Pavolini stared at Henry for a moment; then, with a trace of amusement, he said, "If you wish to look at it, waiter, here it is. Perhaps you will have a theory, too."

Gonzalo said, "I wouldn't take that attitude, Mr. Pavolini. Henry might have a theory at that."

Pavolini said, "Very well. Go ahead, waiter. From those three little lines, can you tell me where the package is hidden?"

"Not exactly, Mr. Pavolini," said Henry, with careful deference. "I can think of two places and there may possibly be one or two others, but I can't pin it down precisely to one place."

"Indeed?" said Pavolini. "You can give me two, possibly four, places, and the package will be in one of them?"

"I believe so, sir."

"You believe so. Wonderful! In that case just give me the four. I challenge you." Pavolini's voice had risen to a shout.

"May I first point out that since there is no really hopeful word in English that begins with 'bif,' it may be that Mr. Jelinsky was not writing an English word."

"Take my word for it," said Pavolini, freezingly. "Jelinsky knew no language other than English. He was not an educated man and - except for his specialty - really knew very little."

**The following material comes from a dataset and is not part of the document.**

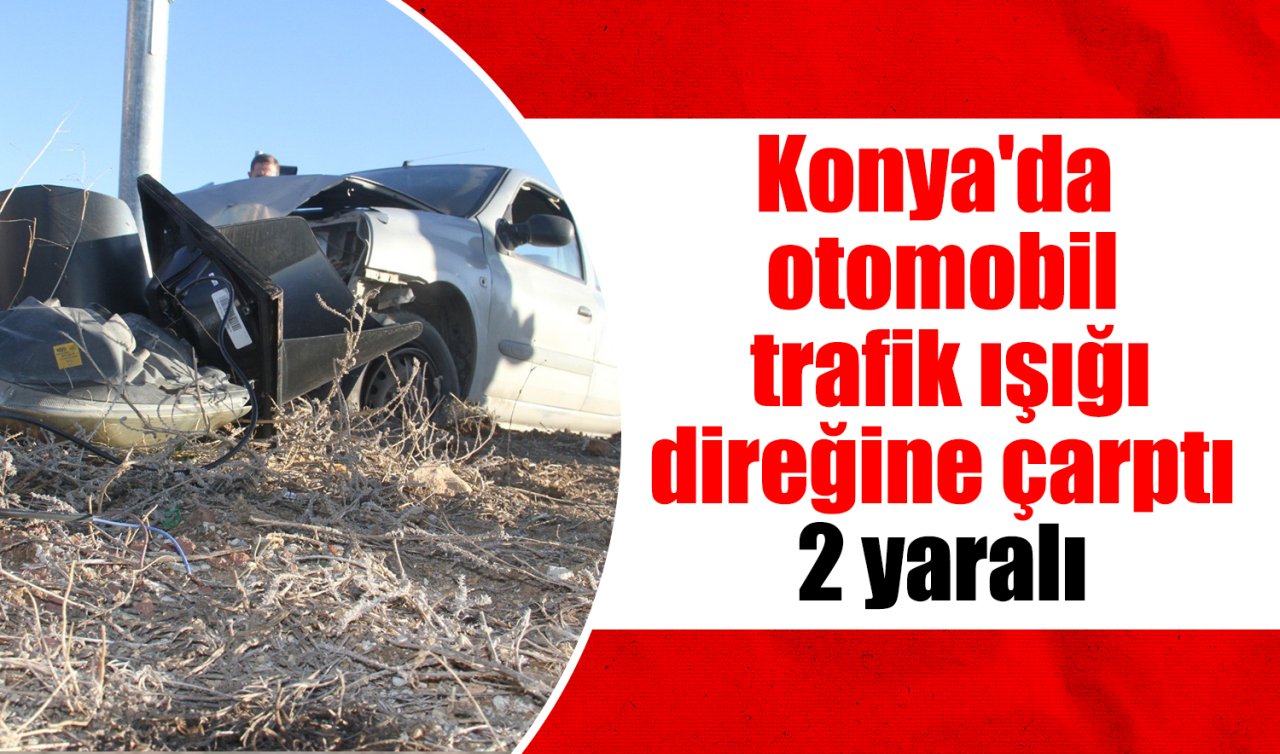 Konya’da otomobil trafik ışığı direğine çarptı: 2 yaralı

"I will accept that," said Henry, "but we have to ask ourselves not which word he knew and understood, but which word he encountered in the place in which he was negotiating the sale. If they were seated in a French restaurant, that restaurant - located in a city of British culture - might well sell steak, but would, of course, have it on the menu, or in the window, or on the sign, according to a spelling all their own. 'Beefsteak,' in French, becomes bifteck."

Pavolini said, in a small voice, "Bifteck?"

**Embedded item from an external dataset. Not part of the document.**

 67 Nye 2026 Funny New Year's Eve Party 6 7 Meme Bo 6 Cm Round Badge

"Yes, sir. I know of two good French restaurants in Halifax and there may be one or two more. I suggest you try the cloakroom in all four, if necessary."

Pavolini said, "You are guessing!"

"Not really, sir. Not after I saw the three little lines you drew. Might those lines have looked a bit more like this, sir?" On the same sheet of paper, Henry drew. "Because if they did, that is a fleur - de - lis, which you would find prominently displayed in one place or another in almost any French restaurant. If we take the three letters and the fleur - de - lis together, then one can scarcely doubt where Jelinsky was sitting when he prepared this doodle."

Pavolini's mouth was open, and now he closed it with an audible 'snap. "By heaven, you are right. I will leave, gentlemen. I will leave now. Good - bye to all of you, with my thanks for a wonderful dinner - but I have work to do." He began to hurry out, then stopped and turned. "My thanks to you particularly, Henry, but how did you do it?"

Henry said, gravely, "Restaurants are my specialty, sir."

AFTERWORD

This is the twenty - eighth Black Widowers story that Fred Dannay bought for EQMM and, alas, the last, for death (as it must to all) finally came to the man who probably did more for the mystery field than any other single person since Conan Doyle. He will always be missed by all those who read his Ellery Queen stories, by all who dealt with him as editor, and by all who knew him as friend.

In connection with the story you have just read, by the way, I received a letter from a museum curator who pointed out that the story does not describe the actual methods used by museums to obtain their exhibits, and that it perpetuates a false stereotype of museums as promoters of skullduggery.

I'm sure he's right and I apologize to all museums. The fact is that I know nothing about the actual workings of museum acquisitions and I make it all up out of my head in such a way as to have it fit in with the plot. I suspect, though, that that's the way it's got to be, if the hardworking mystery writer is to make a living.

Consider, for instance, the writings of Agatha Christie (that model of everything a mystery writer ought to be, even if she did have very peculiar notions about how Americans talk and act). If she were to be taken seriously, there is not an upper - class family in all of England that did not have a member done to death in the library, with a paper knife skewering his heart and a look of indescribable horror on his face, and that did not have another member who did the deed. But we accept that ("suspension of disbelief") and don't expect the world of the mystery to be in one - to - one correspondence with the world of reality.

The story appeared in the May 1982 issue of EQMM.